The exact definition of atomic weight is technical ^{[2]}, but atomic weights are easy to calculate once we understand the isotopic composition of elements (see below).

Most elements consist of more than one isotope, each with a different mass. If elements are to have a single * atomic weight* (as we see they do from stoichiometry), the atomic weight must be an

*average*of the isotopic weights of the "typical mixture" of naturally occurring

*(not necessarily stable)*isotopes. Slight variations in the abundances of isotopes from region to region, however, allow bird tracking studies. Below is a table showing the typical abundances of the naturally occurring isotopes of a few important elements, taken from the Table of the Nuclides:

**Table** \(\PageIndex{1}\): Natural Abundance of Elements

Isotope | % nat. abundance | isotopic mass |
---|---|---|

^{1}H |
99.985 | 1.007825 |

^{2}H |
0.015 | 2.0140 |

^{12}C |
98.89 | 12 (definition) |

^{13}C |
1.11 | 13.00335 |

^{14}N |
99.64 | 14.00307 |

^{15}N |
0.36 | 15.00011 |

^{16}O |
99.76 | 15.99491 |

^{17}O |
0.04 | 16.999131 |

^{18}O |
0.2 | 17.9991610 |

^{28}Si |
92.23 | 27.97693 |

^{29}Si |
4.67 | 28.97649 |

^{30}Si |
3.10 | 29.97376 |

The average we use to calculate atomic weight isn't a straight average, though; it's a weighted average, like the one used to calculate your Grade Point Average (GPA).

Atomic Weight =

\(\left(\dfrac{\%\text{ abundance isotope 1}}{100}\right)\times \left(\text{mass of isotope 1}\right)~ ~ ~ +\)

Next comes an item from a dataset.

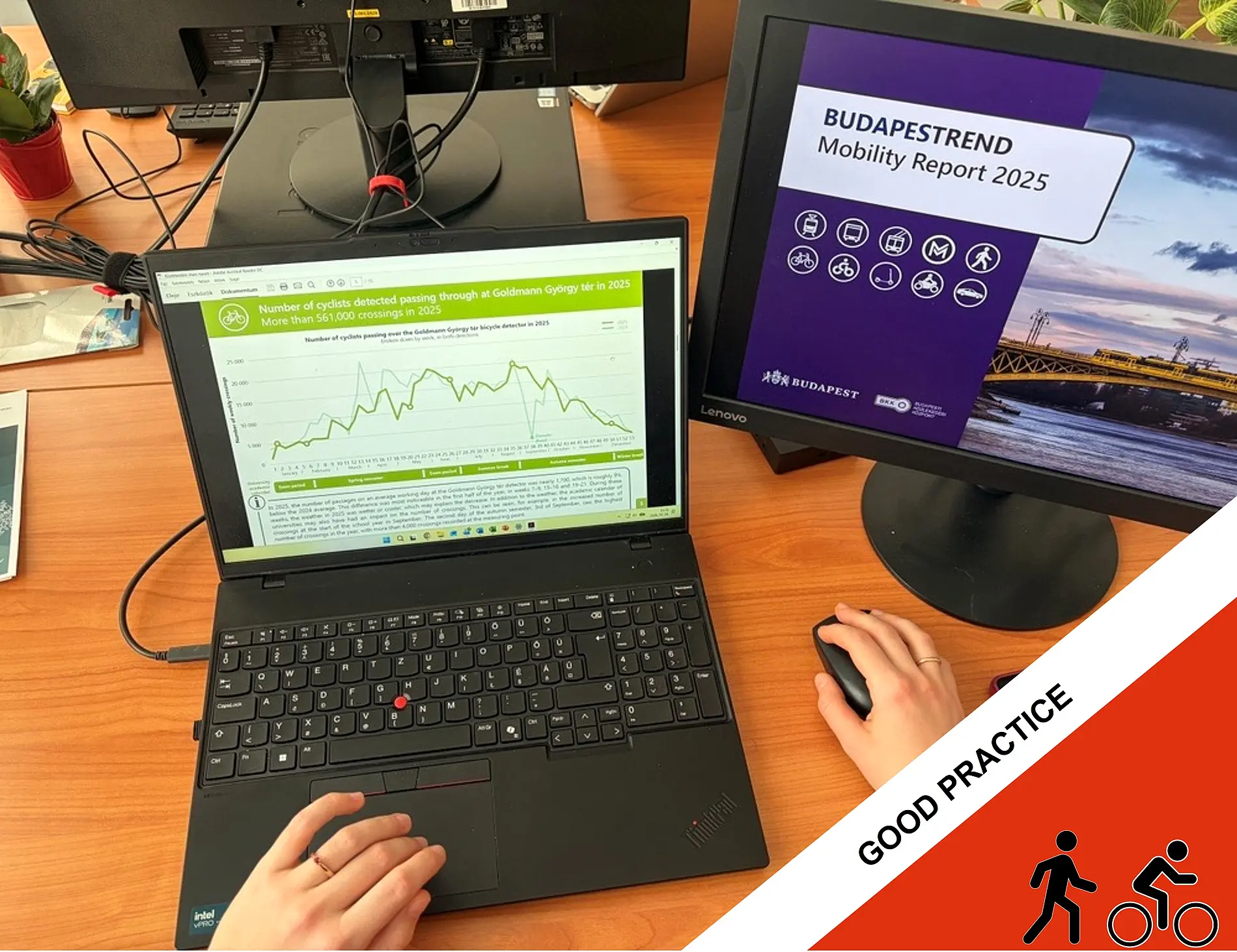  Computer monitor and notebook showing report and data.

\(\left(\dfrac{\%\text{ abundance isotope 2}}{100}\right)\times \left(\text{mass of isotope 2}\right)~ ~ ~ + ~ ~ ...\)

Similar terms would be added for all the isotopes.

A grade point average is also a weighted average: It reflects the grade in courses with more semester hours more than lighter classes. suppose you get an A (4.0) in a chemistry course with 4.0 credit hours, and an F (0.0) in a course with 1.0 semester hours. We multiply the grade by the fraction of time for each and add. Since we have a total of 5 hours, the fraction of time for chemistry is 4.0/5.0, and the result (3.2) is much closer to the course with more credit hours:

GPA =

\(\left(\dfrac{\text{Credit Hours Course 1}}{\text{total credit hours}}\right)\times \left(\text{Grade in Course 1}\right)~ ~ ~ +\)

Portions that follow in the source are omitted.